What immediately stands out about this binary is the file size at 14.696 MB. Such a large file size is unusual for C/C++ or .NET compiled binaries, suggesting that this binary may have been compiled from a different language. Additionally, the file icon is the default icon assigned to an executable when it is compiled using PyInstaller.
Extracting human-readable text from the binary, multiple strings were identified that are indicative of a PyInstaller compiled binary.
Figure 2 – Python strings in the infostealer.
PyInstaller is a tool used in the Python ecosystem to convert Python applications into standalone executable files[1]. It analyses a Python script, collects all the required dependencies (including libraries, modules and resources and bundles them together with a Python interpreter into a single executable file. This enables Python programs to run on machines that do not have Python installed. While Python is an interpreted language, Pyinstaller allows programmers to compile Python code, just like a compiled language such as C or C++.
After confirming that the binary had been compiled using PyInstaller, a tool called pyinstxtractor can be used to extract the Python scripts and its dependencies from the executable [2].
Figure 3 – Running pyinstxtractor against the infostealer.
Reviewing the output, a large number of files can be seen. Most of these files are dependencies for the Python script that the threat actor compiled. The file of interest in this output is the Python bytecode file ‘edge.pyc’.
Figure 4 – Extracted Python scripts and dependencies from the infostealer.
When a Python script is executed by the Python interpreter, it is first compiled to an intermediary language called Python bytecode before being executed by the Python Virtual Machine (PVM) [3]. Python bytecode files (identifiable from their extension .pyc), are not human readable and therefore must be decompiled to obtain the original Python code. This can be done using tools such as Uncompyle6 for Python version 1.0 to 3.8 and PyLingual for Python versions 3.6 and above [3] [4].
After decompiling the Python Bytecode, the raw Python code can be viewed and analysed.
The most immediately apparent finding from the decompiled Python code is the use of docstrings written in Russian.
Figure 5 – Decompiled Python bytecode from the infostealer.
Figure 6 – Translation of the Russian comments seen in the decompiled Python bytecode.

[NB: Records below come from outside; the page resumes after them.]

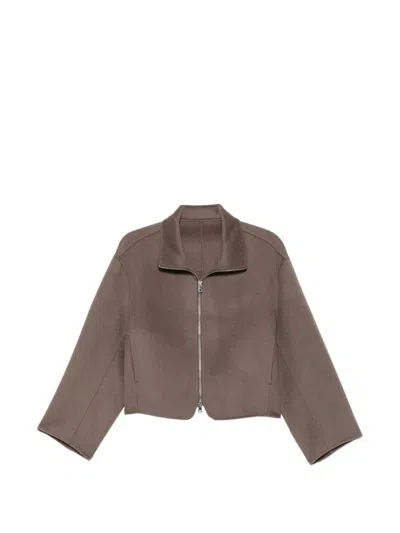 Filippa K Zip-up Wool Cropped Jacket In Brown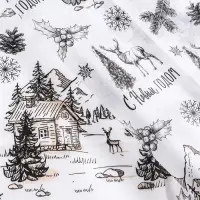 Бумага упаковочная тишью, новогодняя упаковка &laquo;Олени в лесу&raquo;,50&times;66 см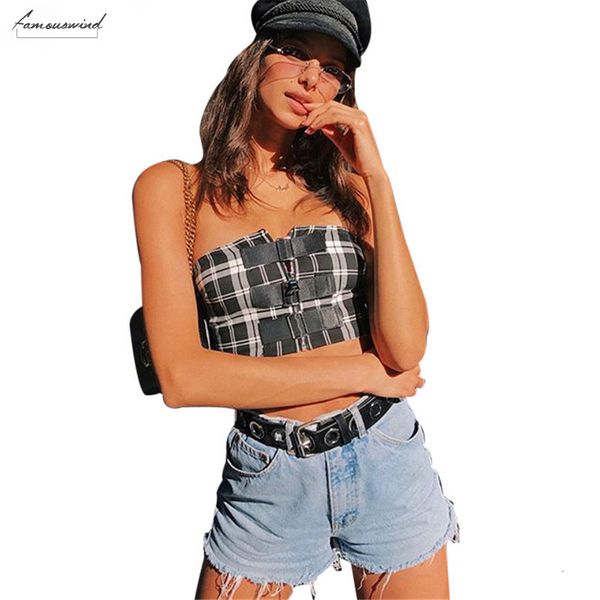 

new arrived classic tank short sleeveless strapless casual brandy melville buckles plaid women adress, White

This would suggest that a Russian threat actor compiled this Python script.
Looking at the libraries imported, there are two that stand out: smbclient which enables interaction with the Server Message Block (SMB) protocol and sqlite3 which enables interaction with browser data.
Figure 7 – Libraries imported by the Python script.
It is also notable that importing the getuser function from getpass (which returns the username of the currently logged in user) is redundant given that the OS library has already been imported. This, combined with the generic and non-descriptive docstrings could suggest that this code was generated using AI. However, passing the script through AI code detectors gives mixed results. Nonetheless, while it can’t be definitively proven that this script was AI generated, there are indicators that this could be the case.
The script uses the Python logging library to collect error and informational output, saving it to the file “browser_collector.log” in the directory the Python is executed from.
Figure 8 – Functionality within the script to log informational level logs.
Which the threat actor left behind on the endpoint, giving an indication of the time the executable was run and the output of the program.
Figure 9 – Log file left on an endpoint the infostealer had been run on.
Moving on to the main function where code flow begins, the script uses sys.argv to accept command line arguments used as configuration options.
These are:
ip_file
A file containing the list of IPs to target
browser_type
The browser type to target, with the only options being Chrome or Edge.
OUTPUT_DIR
The directory to store the output of the script.
THREADS
The number of threads for the script to use.
Figure 10 – Arguments accepted by the Python script.
The script then sets up the smbclient configuration to use the current user’s Windows credentials for authentication. The Server Message Block (SMB) protocol is a network file-sharing protocol that allows computers on a network to share files, printers and serial ports. This enables the Python script to connect to and access shared network resources on the local network.
Figure 11 – Use of the smbclient library within the Python script.
The script then uses the Python threading library to create the user specified number of threads. Each thread will execute the worker function with two parameters: the IP to target (which was retrieved from the user specified IP file) and the browser type (Edge or Chrome). The use of threading is done for efficiency as it allows for concurrent execution of the worker function rather than sequential execution. This speeds up the execution of the program.
The worker function takes two arguments: task_queue and browser_type. Each thread created in the main function will run this function concurrently, passing the IP it was assigned and the browser type (Edge or Chrome) as parameters to satisfy the above arguments.
Two variables are then retrieved from the get_browser_config function:
Figure 12 – The worker function in the Python script.
Within the get_browser_config function, the target files are stored in a dictionary as key/value pairs.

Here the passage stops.